## WORK ORDER
Copy exactly the line containing "red tote bag on pile of plastic water bottles" and all the lines that follow it to the end of the records, minus the pictures.

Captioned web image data
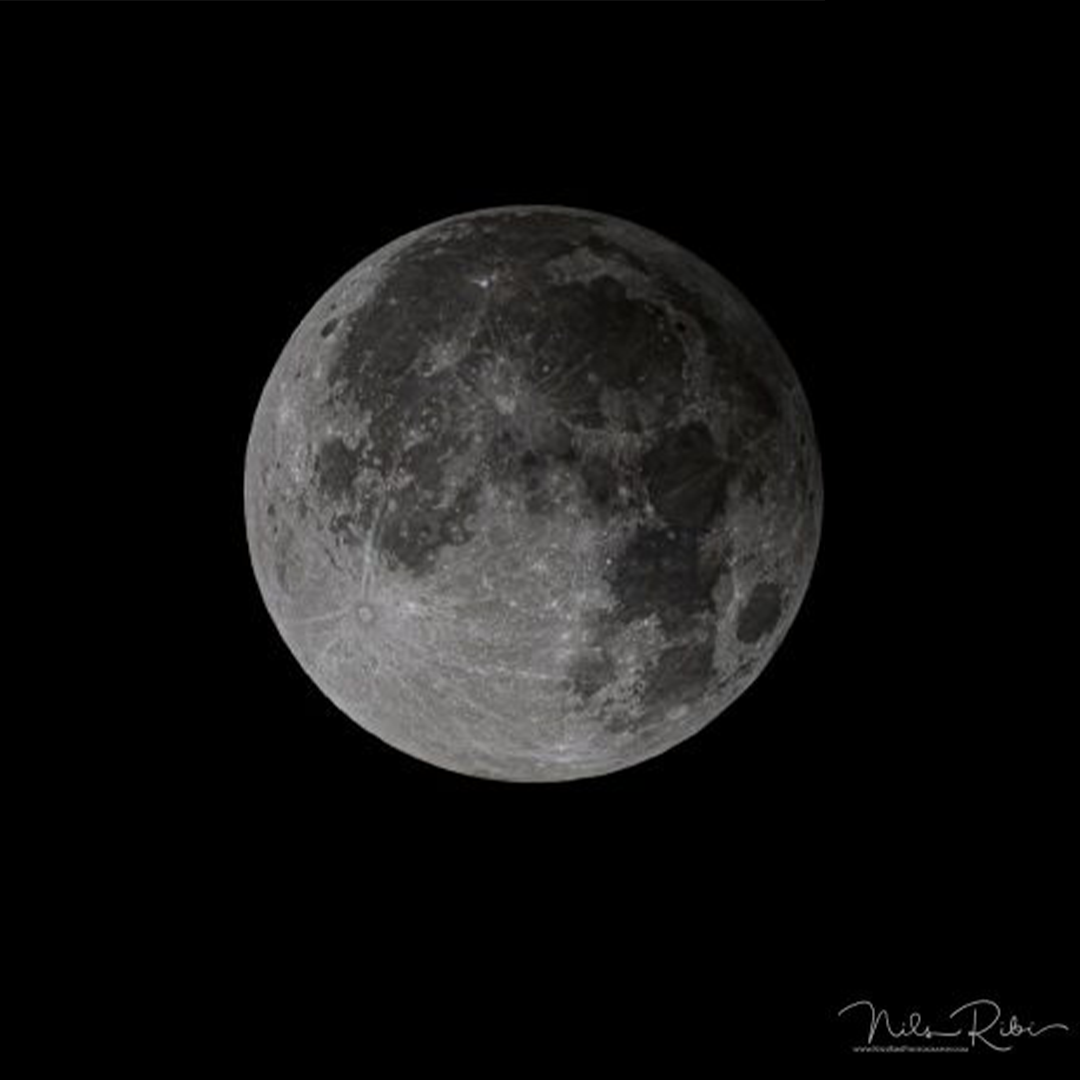 The penumbral lunar eclipse as seen in Sun Valley, Idaho, on November 30, 2020. Image credit: Nils Ribi via Earthsky.org, edited by the Adler Planetarium.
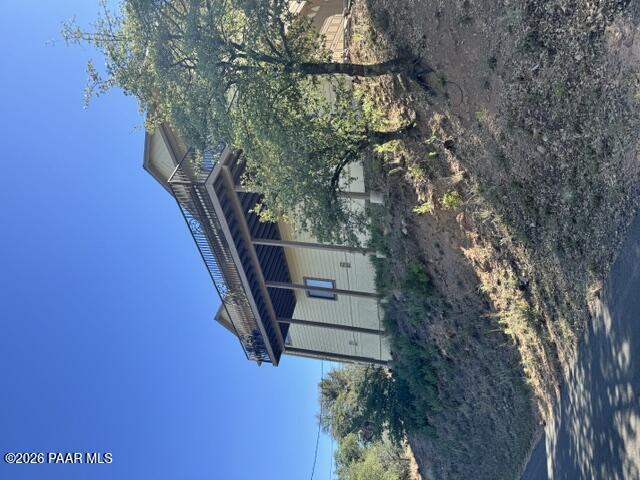 250 Anderson Road Prescott, AZ 86303 - Photo 1 of 17 a backyard of a house with lots of green space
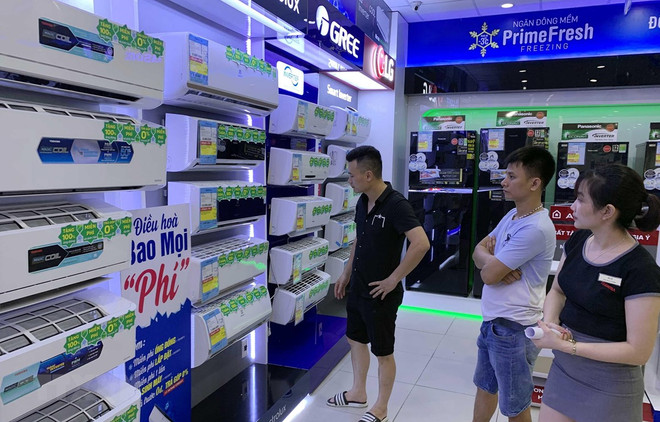 Ảnh minh họa. (Nguồn: TTXVN) Sức mua hàng điện máy tại TP.HCM chưa 'tăng nhiệt' trong mùa nóng ảnh 1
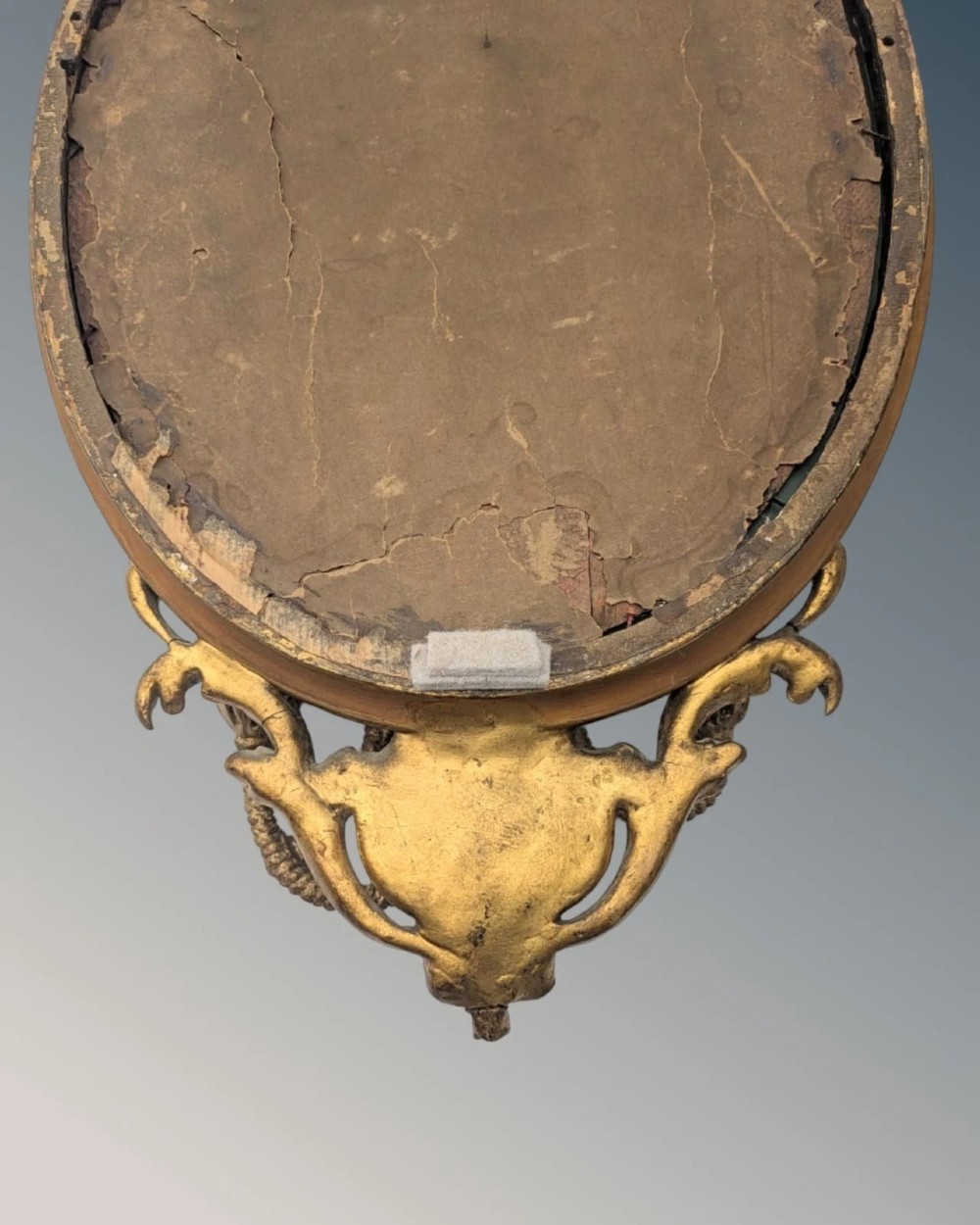 A matching pair of oval giltwood girandole wall mirrors featuring ribbon cresting and twin candle sconces at the base. View V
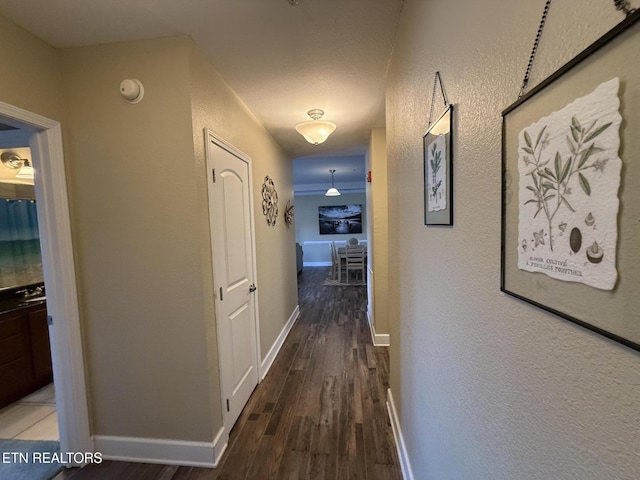 hallway with dark wood-style flooring and baseboards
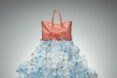red tote bag on pile of plastic water bottles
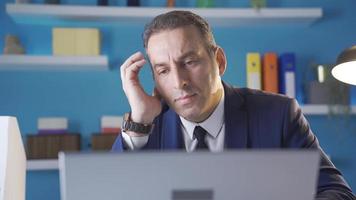Close-up portrait of thoughtful businessman working with laptop in office. Portrait of focused thoughtful serious businessman taking important steps in business. video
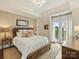 Comfortable bedroom featuring a queen bed, soft carpet and balcony access at 4625 Piedmont Row Dr # 701, Charlotte, NC 28210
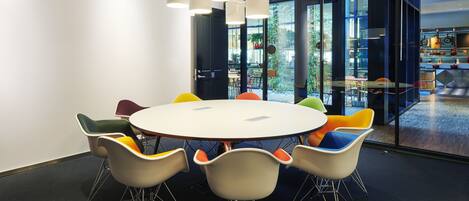 A conference room with a round table, colorful chairs, and large windows offering a view of the outdoors.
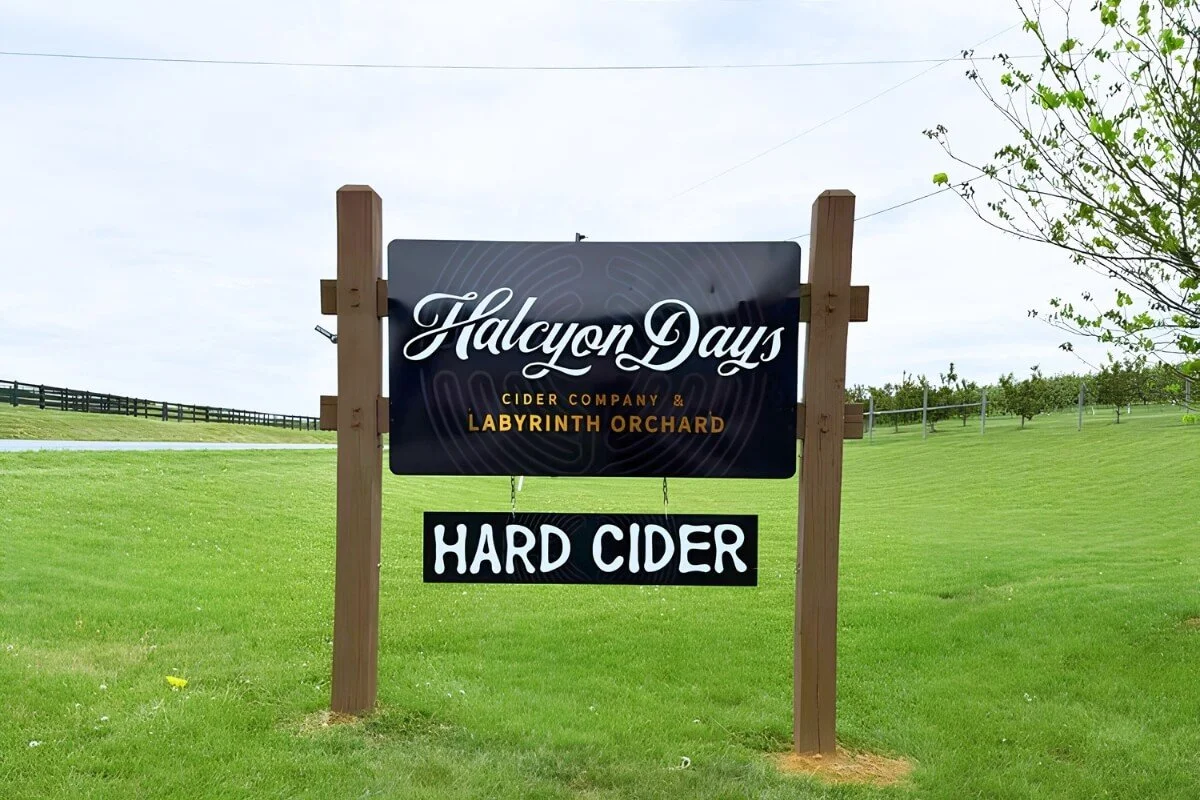 Sign for Halcyon Days Cider Company & Labyrinth Orchard advertising hard cider, set on a grassy field with a tree on the right.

## SOLVED PROBLEM
red tote bag on pile of plastic water bottles
Close-up portrait of thoughtful businessman working with laptop in office. Portrait of focused thoughtful serious businessman taking important steps in business. video
 Comfortable bedroom featuring a queen bed, soft carpet and balcony access at 4625 Piedmont Row Dr # 701, Charlotte, NC 28210
 A conference room with a round table, colorful chairs, and large windows offering a view of the outdoors.
 Sign for Halcyon Days Cider Company & Labyrinth Orchard advertising hard cider, set on a grassy field with a tree on the right.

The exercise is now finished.